[Buildroot] [PATCH 00/19] support: limit install-time instrumentation to current package's files (branch yem/files-list-2)

Thomas De Schampheleire patrickdepinguin at gmail.com
Tue Jan 8 12:51:19 UTC 2019


El lun., 7 ene. 2019 a las 23:05, Yann E. MORIN
(<yann.morin.1998 at free.fr>) escribió:
>
> Hello All!
>
> Currently, the instrumentation steps, that we run after a package is
> installed, get confused about the files that package may have be
> responsible for.
>
> The first problem is that all .la files are tweaked after a package is
> installed, and thus those files are all then newer than the built
> stampfile of that package, and consequently all .la files are accounted
> to that package.
>
> The second problem is that, during development and agter a user
> requested a package reinstall (but not a rebuild!), then the built
> stampfile is much older, and thus all files that have been installed
> since the package was last built are accoutned to that package.
>
> Those two problems are caused by 7fb6e782542f, when we switched away
> from an md5 comparison between the state before and after the
> installation, to a time-based comparison against the bult stampfile.
>
> Furthermore, during development, the list of installed files can get
> out of sync with what is really installed. For example, if a user were
> to modify the source of a package, and trigger a re-configure, rebuild,
> or re-install, then we'd remove the list of previously installed files
> before generating the list of currently installed files. If files
> installed in the previous installation are no longer installed, they are
> still present in the target (or staging or host), but no longer
> accounted to the package that instaleld them.
>
> Additionally, when two or more packages install the same file and it has
> the same content, we don't care much about which actually installed it,
> as they would all have installed the exact same file. The size could be
> assigned to any of those packages, and the licensing terms of any of
> those package may be applied to that file. The case is mostly prominent
> with the fftw familly of packages (soon to come) that install the same
> headers and the same utilities.
>
> Finally, there is one prominent file that gets _updated_ (and not
> replaced) by many packages: the info page index, which packages update
> when they install their own info pages. We currently report that file,
> when in fact it does not end up in target, and thus we don't care about
> how its content came to be. And more generically, we don't care any file
> that we eventually remove as part of our target-finalize cleanups.
>
> This series is thus an attempt at fixing all those issues.
>
> First and foremost, the series addresses the limitation that causes the
> first two problems: we do not have a way to know when the install steps
> were started (or any other step, for that matters, but we're currently
> only interested in the install steps). So, the first few patches make it
> so that we can introduce an new timestamp file at the beginning of each
> step.
>
> Then, with the information about the beginning of the install step, we
> can now limit the .la files tweaking to just those files that were
> actually instaleld y a package.

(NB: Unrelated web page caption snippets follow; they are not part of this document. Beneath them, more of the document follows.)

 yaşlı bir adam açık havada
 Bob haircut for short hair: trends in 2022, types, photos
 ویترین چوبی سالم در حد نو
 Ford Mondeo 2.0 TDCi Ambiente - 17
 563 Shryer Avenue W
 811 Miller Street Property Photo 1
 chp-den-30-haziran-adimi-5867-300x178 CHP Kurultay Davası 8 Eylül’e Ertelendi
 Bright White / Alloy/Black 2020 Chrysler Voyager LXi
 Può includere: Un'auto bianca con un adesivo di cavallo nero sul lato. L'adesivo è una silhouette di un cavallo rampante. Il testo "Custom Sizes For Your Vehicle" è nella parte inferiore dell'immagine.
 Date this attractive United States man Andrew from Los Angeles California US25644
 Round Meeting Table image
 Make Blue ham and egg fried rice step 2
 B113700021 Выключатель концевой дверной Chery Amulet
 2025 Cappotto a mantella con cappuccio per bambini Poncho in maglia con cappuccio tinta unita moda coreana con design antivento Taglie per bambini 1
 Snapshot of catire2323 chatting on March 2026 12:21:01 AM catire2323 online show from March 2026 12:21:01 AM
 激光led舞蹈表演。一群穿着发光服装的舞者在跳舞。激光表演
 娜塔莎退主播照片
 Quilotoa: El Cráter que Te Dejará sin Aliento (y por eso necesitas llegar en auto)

And then we use that same stamp file to
> limit the listing of installed files accountable to the current package.
>
> Then the series addreses the same-identical-file-from-many-packages. To
> do so, it partially restore the md5sum of the files, but this is
> limitted to only those files actually touched during the install of the
> current package (see above), and is only ran at the end of the install,
> not before. As thus, this is much faster than the original situation
> that did the md5 of all files before and after, because it now acts on
> cache-hot files only.
>
> That part is split in two: first, the formnat of the packages-file-list
> files is modified to be more resilient to weird filenames, which then
> allows us to expand it with arbitrarily more fields. A python helper is
> provided to abstract the new format, and the consumers of those files
> are updated to use the helper (with one script being rewritten in
> python). Then we make use of this new format to store the md5 of the
> files contents, which we eventually use to decide whether to report the
> file or not.
>
> Now, files that are missing from the destination directory are no longer
> elligible for being reported as being touched by more than ne pacakge
> anymore.
>
> And finally, now that we have a dependable check for uniqueness, we can
> add an option in the menuconfig to turn the current warning into a hard
> error when uniqueness is not met.
>
> Since this is a time-sensitive topic, here are a few timings before and
> after this series, over 6 runs on an idle machine, with a configuration:
>
>   - prebuilt glibc toolchain
>   - 233 packages, most pretty small and building fast
>   - target/:  215MiB, 14922 files, directories, symlinks...
>   - staging/: 625MiB, 29029 files, directories, symlinks...
>   - host/:    2.1GiB, 44129 files, directories, symlinks...
>
>                 best           minutes:seconds          worst   mean
>     before:     36:20   36:22   36:23   36:24   36:27   36:28   36:24
>     after:      36:29   36:31   36:32   36:33   36:35   36:37   36:33
>
> So, this is a 9s overhead over 2184s (36:24, before), i.e. a mere 0.4%
> increase in time over the full build, or just about a 38ms overhead per
> package on average. This overhead is real, but is still very far from
> the huge one that was choped off by 7fb6e782542f.
>
> Additionally, the time for re-installing the last package does not
> suffer from an already large number or size of files already present.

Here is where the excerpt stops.